Soy muy fan de la Navidad. La dulce y blanca Navidad. Desde los atracones que empiezan con un desayuno-comida-merienda-cena multitudinarios, hasta la cantidad infinita de tuppers que me llevo a casa con marisco, canelones y otros platos inimaginables de comer un día cualquiera.
Y es que tal vez, aun no haya superado el trauma que me causó Macaulay Culkin pasando la Navidad con unos maniquís, mientras defendía su casa de los malvados ladrones. Pero de pronto, todo se tuerce: tu madre regañándote porqué no vas afeitado, la abuela diciéndote que has vuelto a ganar esos kilitos de más, los primos preguntado por tu pareja, insinuándote que se te pasa el arroz y los cuñados peleándose para servir la comida…
Para que esto no suceda, te voy a dar algunos consejos. El primero, es que te prepares psicológicamente: todo es cuestión mental. Aunque, si puedes distanciarte un poco de tu suegro, mucho mejor. En segundo lugar, lleva siempre un ibuprofeno, te salvará del momento teatral-villancicos de los niños. Si también puedes traer un amigo contigo, has triunfado: será el centro de atención y amortiguará la situación. Eso sí, deja claro que se trata solo de un amigo. En caso contrario, los rumores del día después serán peores que la misma cena de Navidad.
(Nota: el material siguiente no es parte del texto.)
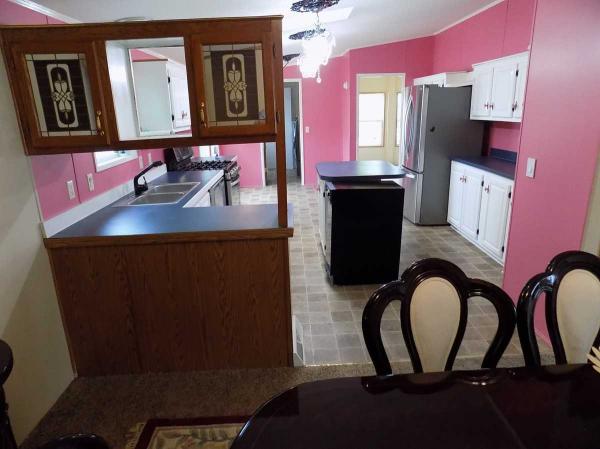 1998 Fleetwood Manufactured Home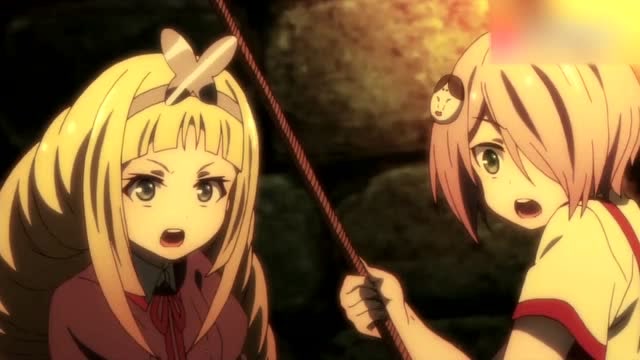 武装少女纳村不道做错事被抓直接吊起来抽打也太恐怖了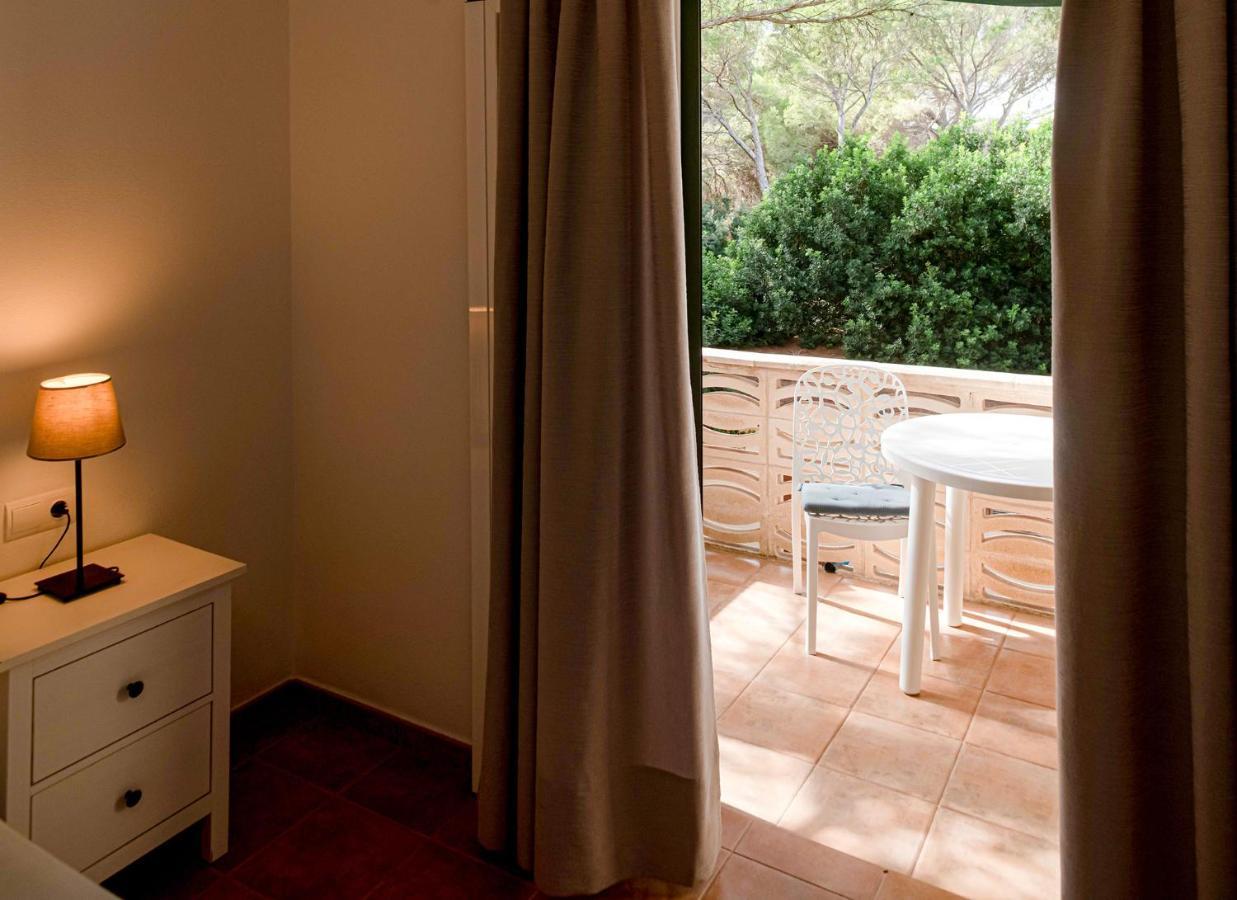 Apartamentos El Pino - Formentera Break Ес-Кало Екстер'єр фото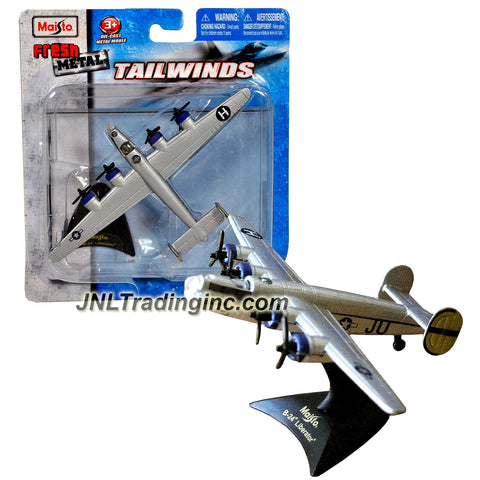 Maisto Fresh Metal Tailwinds 1:210 Scale Die Cast Military Aircraft - U.S. Army Air Corps Long Range Heavy Bomber B-24 Liberator with Display Stand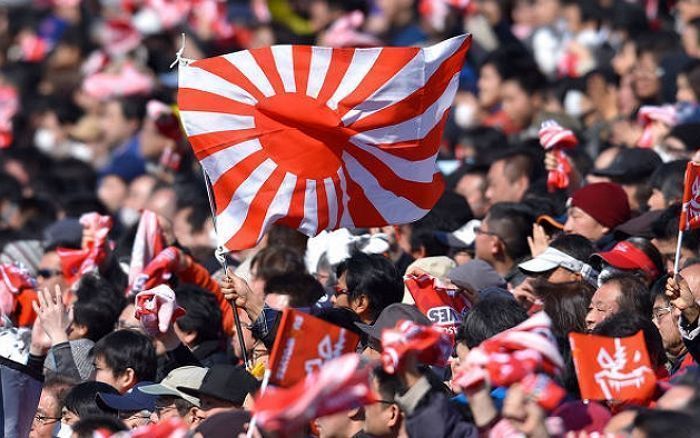 3.1절 다음날 욱일기 흔들며 “조센X 놈들”이라 외치는 남성 벽돌로 친 탈북자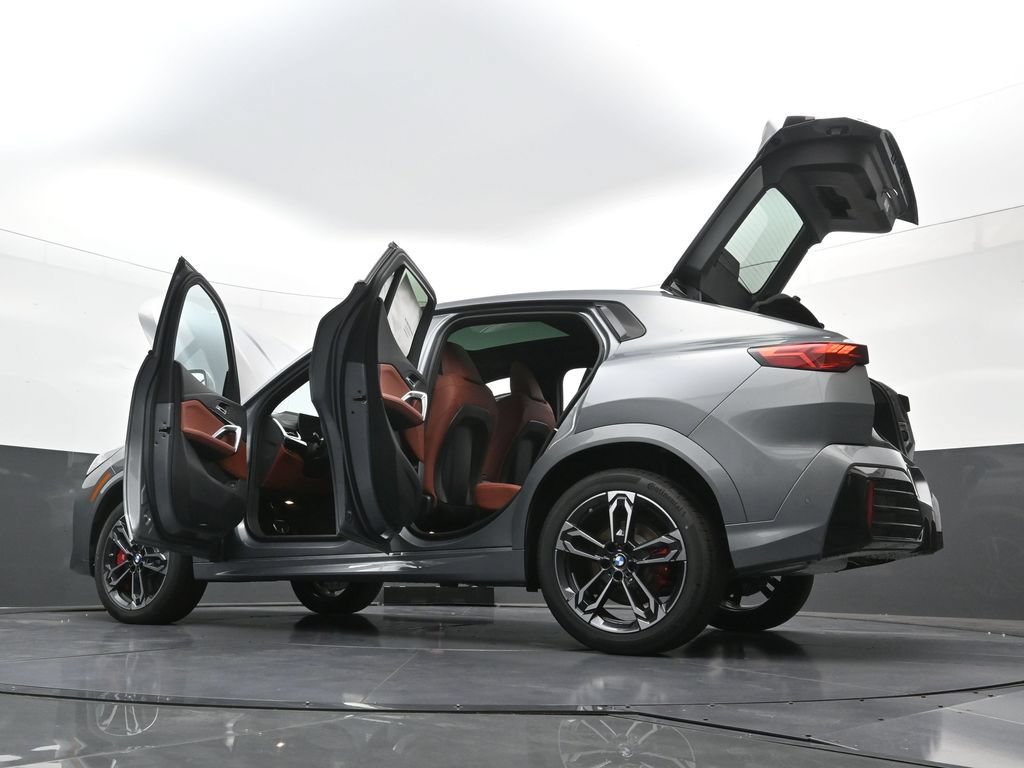 New 2026 BMW X2 xDrive28i w/ Technology Package AWD/4WD image 41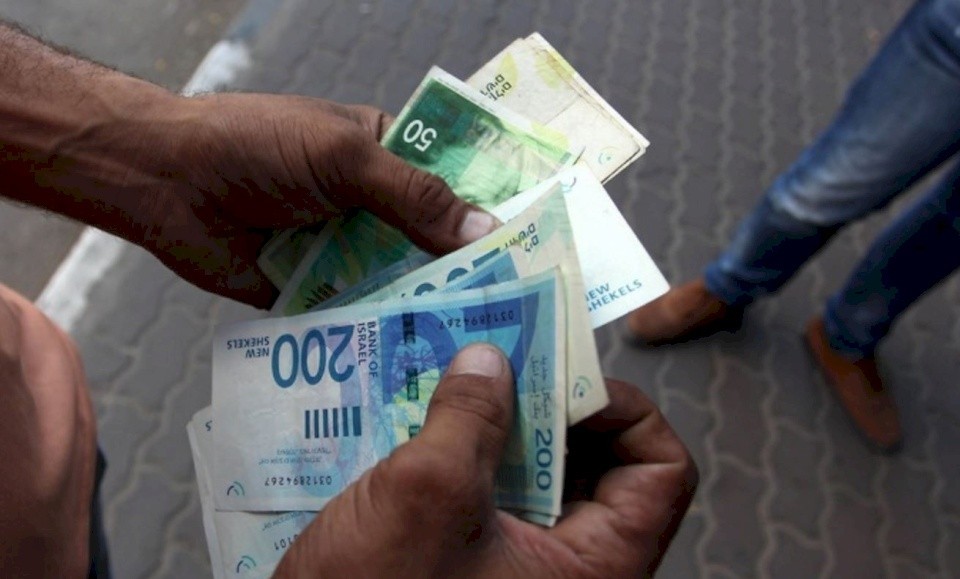 تقرير: ما بين النقد الورقي والرقمي.. غزة في قبضة أزمة نقدية شاملة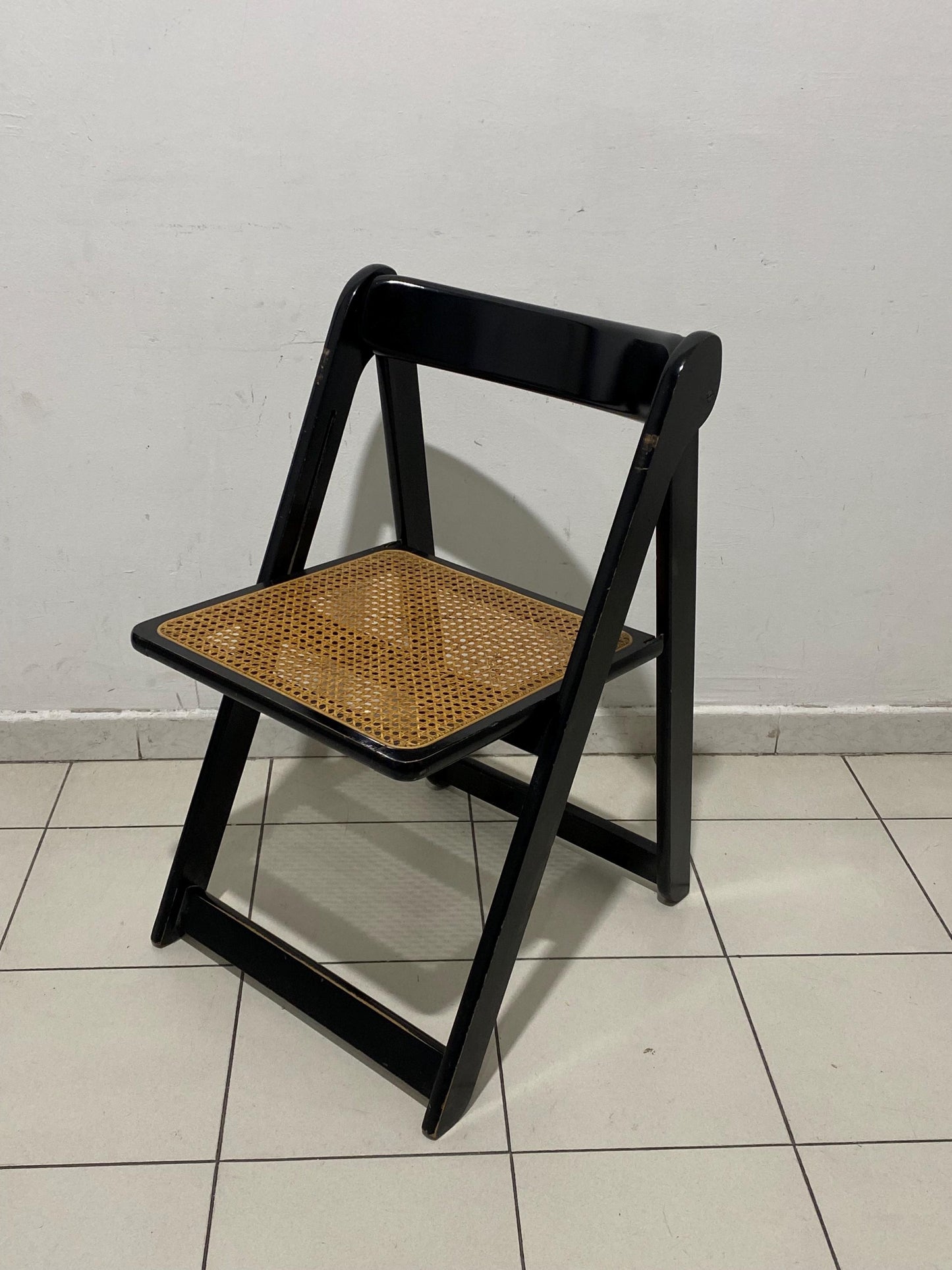 Sedia pieghevole vintage in legno nero con seduta in paglia di Vienna design retrò anni 70, 77x47x55 cm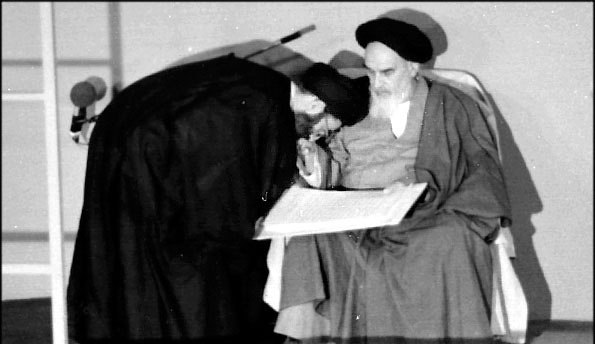 پخت و پز افراطیون برای نوه امام؟!/دوگانه سازی امام و رهبری!؟ پخت و پز افراطیون برای نوه امام؟!/دوگانه سازی امام و رهبری!؟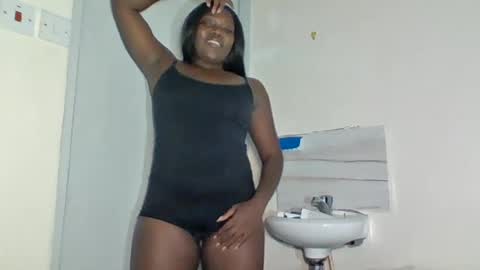 tipsynsassy online show from June 2026 08:46:02 PM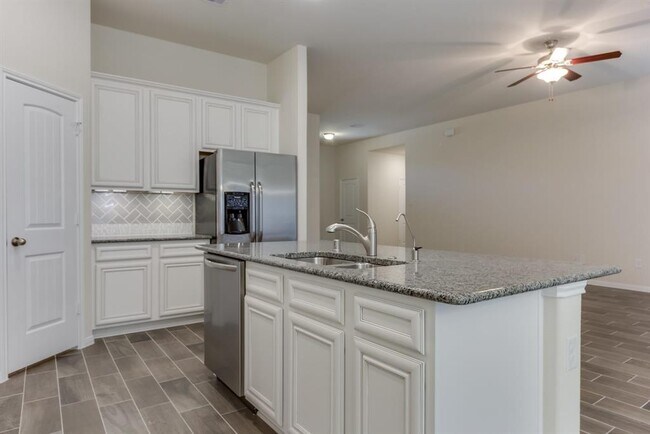 Building Photo - 1515 Holly Chase Ct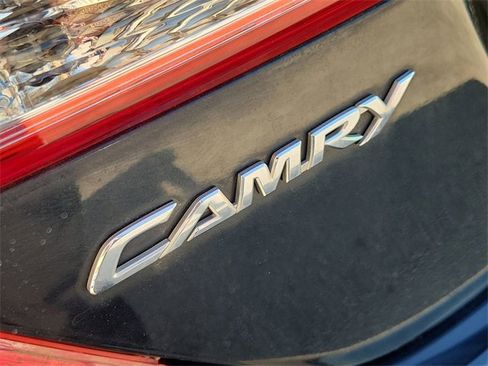 Used 2014 Toyota Camry SE image 27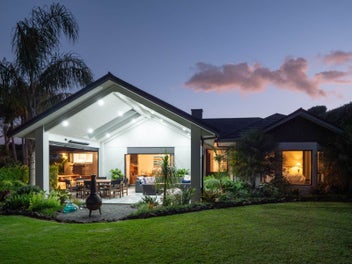 Luxury Living & Income Potential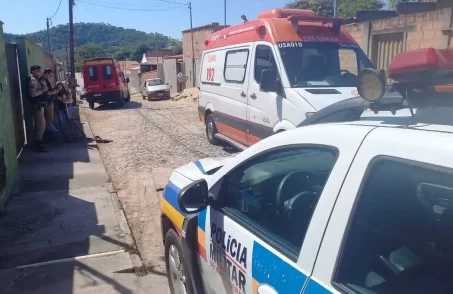 Moto bate em lixeira e deixa dois em estado grave.(FOTO: Divulgação Corpo de Bombeiros)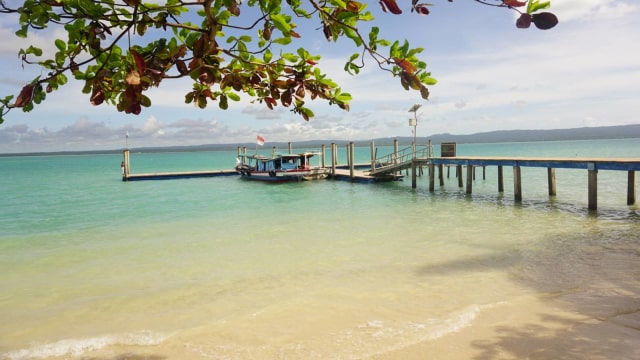 Pantai Tanjung Lesung di Banten. (Foto: Flickr/dodo_4482)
Si todo lo demás falla: bebe. Alivia la tensión y no te darás cuenta que habrá terminado la cena. Si bien optas por esta última solución, empieza a ahorrar porqué de allí en adelante no podrás asistir más, de lo contrario te estarían recordando tu estado etílico año tras año. La excusa de un viaje programado desde hace mucho tiempo, te servirá como cuartada para las primeras ocasiones.
Y si en medio de gritos, discusiones, bromas, risas y sobremesas interminables piensas «lo bien que se estaría yo solo en casa, comiendo enfrente el televisor, bendiciendo unos macarrones con queso calentados en el microondas» no es que no te guste la Navidad, tal vez es que nunca la has echado en falta.